关于一个单词统计的报告

首先我先说一下这个题目：写一个程序，分析一个文本文件（英文文章）中各个词出现的频率，并且把频率最高的10个词打印出来。

我的大体计划是：

设计计划	需求分析	框架结构	调试	写报告，提交
时间	2月20号到2月24号	2月25号到2月27号	2月28号上午	3月1号到3月2号

下面是我的详细计划：我们是周3接到了王老师的任务写一份统计文章里的英文单词个数，并把前十个输出出来，其实到周6（2月22号）才开始真正去想这个问题的，周6早上开始提着笔记本想我们的程序，记下来如下：首先我选用的是c语言编写，用文件的形式存储英文文章，用结构体存储单词并计数出现的次数，进行排序，最后输出出来前十个。

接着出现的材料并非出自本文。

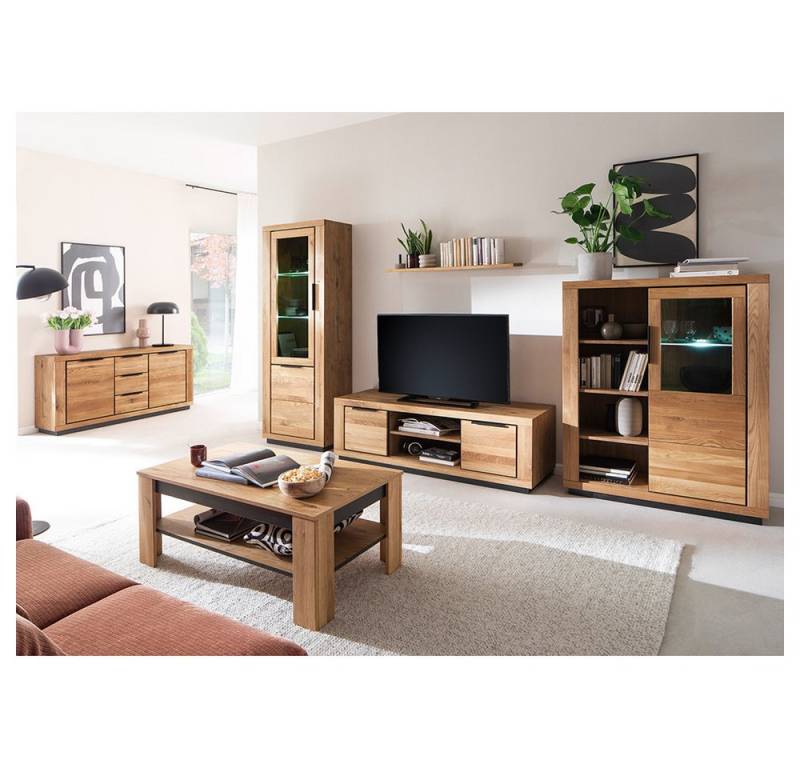 Lomadox Wohnwand GIUSTINO-06, (6-St., Sideboard Vitrine Wandboard Lowboard Highboard Couchtisch), Eiche teilmassiv geölt, Massivholzfronten, LED-Beleuchtung von Lomadox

首先介绍一下我们的需求分析，用户是需要一个统计单词的个数的程序，需要我们输出前十个频率最高的单词。

框架结构用程序来描述：

FILE *fp=NULL;
fp=fopen("text.txt","r");
if(NULL == fp)
{
    return -1;
}
printf("文章为： ");
while(!feof(fp))         //检查文件是否结束
putchar(getc(fp));
rewind(fp);                 //使文件位置标记返回头文件

上面的程序是我参考c语言课本上的，开始的时候我并没有写上 rewind(fp);使程序总是调试不对，出现如下错误，经过翻看c语言课本，发现了错误。

错误原因：程序开始的时候是运行读出文本里的英文单词，所以那个fp指针已经知道了文件的末尾，所以根本无法再进行下面的读取。rewind(fp);是使指针转向文件的头部。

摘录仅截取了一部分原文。